Robert Habecks Rückkehr in die sozialen Medien ist gleich von Anwaltspost begleitet. Und doch macht sein kurzes Video Hoffnung in trüben Zeiten.

Robert Habeck gibt auf Social Media Hinweise auf seine Zukunftspläne Foto: dts Nachrichtenagentur/imago

N ur zehn Sekunden ist das Video lang: Ganz leger in grauem Pullover sitzt Robert Habeck am Schreibtisch, über ein Manuskript gebeugt und summt vor sich hin.

Grönemeyer-Fans erkennen die Melodie sofort: „Zeit, dass sich was dreht“, das WM-Lied des Jahres 2006, dessen Verwendung Grönemeyer der Jungen Union gerade untersagt hatte.

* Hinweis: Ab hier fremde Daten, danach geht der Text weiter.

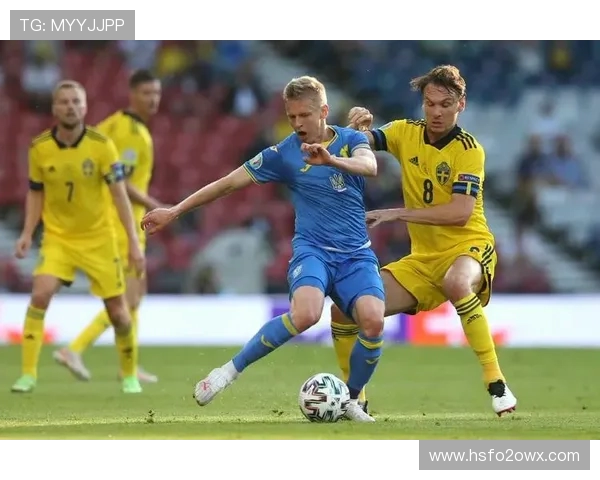 英格兰与智利友谊赛精彩对决展现足球魅力与团队精神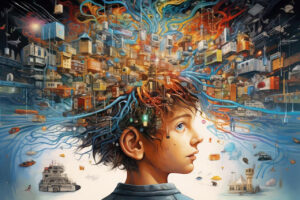 Navigating ADHD
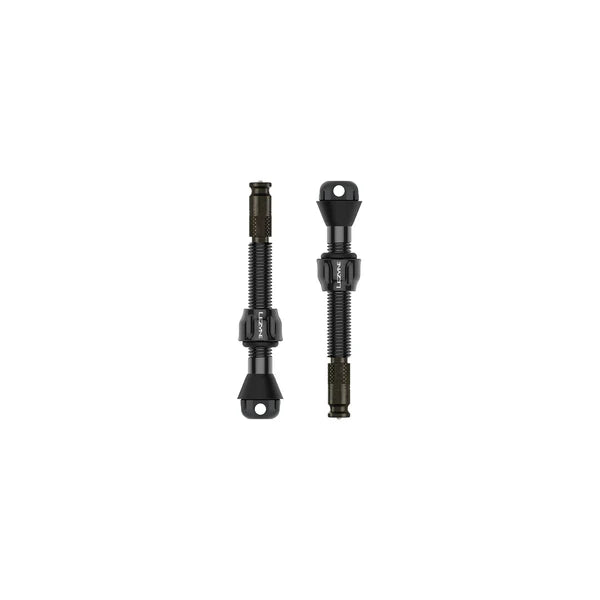 Valvola tubless LEZYNE CLICK TLR PRO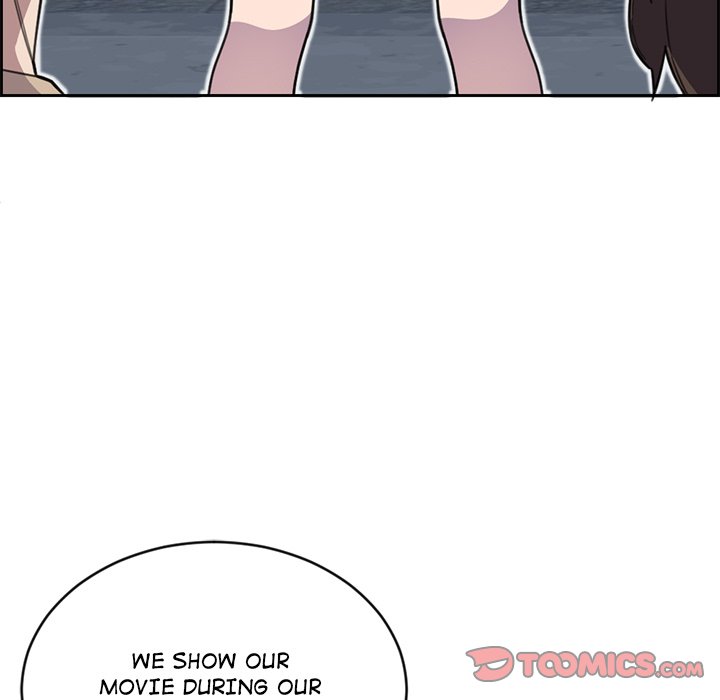 College Secrets Chapter 12 image 65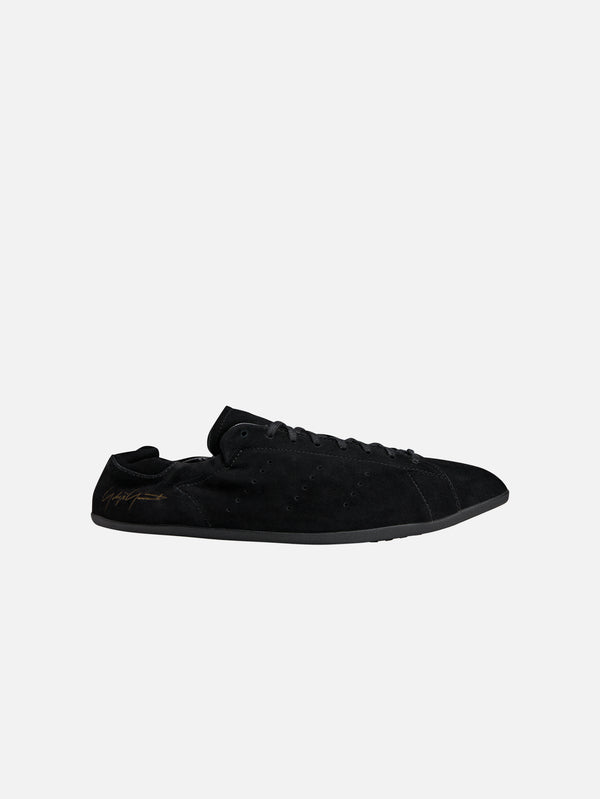 Y-3 - SNEAKER - Y-3 Stan Smith Low Pro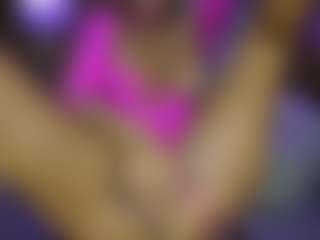 AnnesWhite's Live Sex Cam Show
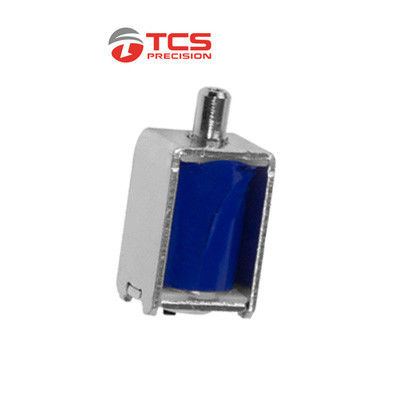 3V DC 120mA Mikroelektrische Luftventil für elektronische Blutdruckmessgeräte
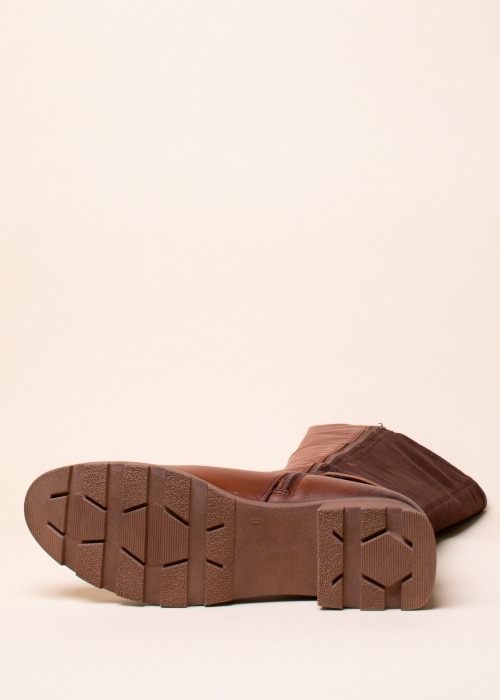 Сапоги Caprice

Nach dpa-Informationen hat der Popstar über seinen Anwalt Christian Schertz nun „auch die Partei Bündnis 90/Die Grünen und Herrn Habeck aufgefordert, es in Zukunft zu unterlassen, Lieder von Herbert Grönemeyer und hier konkret das Lied ‚Zeit, dass sich was dreht‘ für Wahlkampfzwecke zu nutzen.“

Robert Habeck ist also gleich mit einem Dämpfer zurück auf der Plattform X´gestartet. Er wolle sie nicht mehr den „Schreihälsen und Populisten“ überlassen, erklärt er. „Nicht heute. Nicht in dieser Woche. Nicht in dieser Zeit.“ 2019 hatte Habeck den Social-Media-Plattformen Instagram und X abgeschworen. Auslöser war ein Shitstorm in Reaktion auf ein Wahlkampfvideo in Thüringen gewesen.

Relativ jung

Nach gerade einmal zwei Tagen Ampel-Aus hat der Wahlkampf ganz augenscheinlich begonnen: Nach einem ersten Statement auf X („Back for good“) teilte der Grünen-Politiker und Wirtschaftsminister das kurze Video, das als Ankündigung einer Kanzlerkandidatur verstanden werden kann, die nun auch offiziell folgte.

Die Hinweise darauf sind zwar nicht direkt zu entdecken, in ihrer Art aber dennoch eindeutig. Im Hintergrund des spärlich beleuchteten Raumes ist auf einem Kalender das heutige Datum, der 8. November markiert. „Von hier an anders“ lautet die dazugehörige Überschrift des Videos.

Dass Robert Habeck im Vergleich zu einigen seiner Kol­le­g:in­nen mit seinen 55 Jahren noch relativ jung ist, soll man wohl auch dieser Videobotschaft entnehmen. Am Handgelenk trägt er ein Armband, die weiß-gelben Perlen daran bilden das Wort „Kanzler Era“, eine Anspielung auf Taylor Swift, die ihre Alben in „Eras“ unterteilt und zuletzt für die demokratische Präsidentschaftskandidatin Kamala Harris geworben hatte.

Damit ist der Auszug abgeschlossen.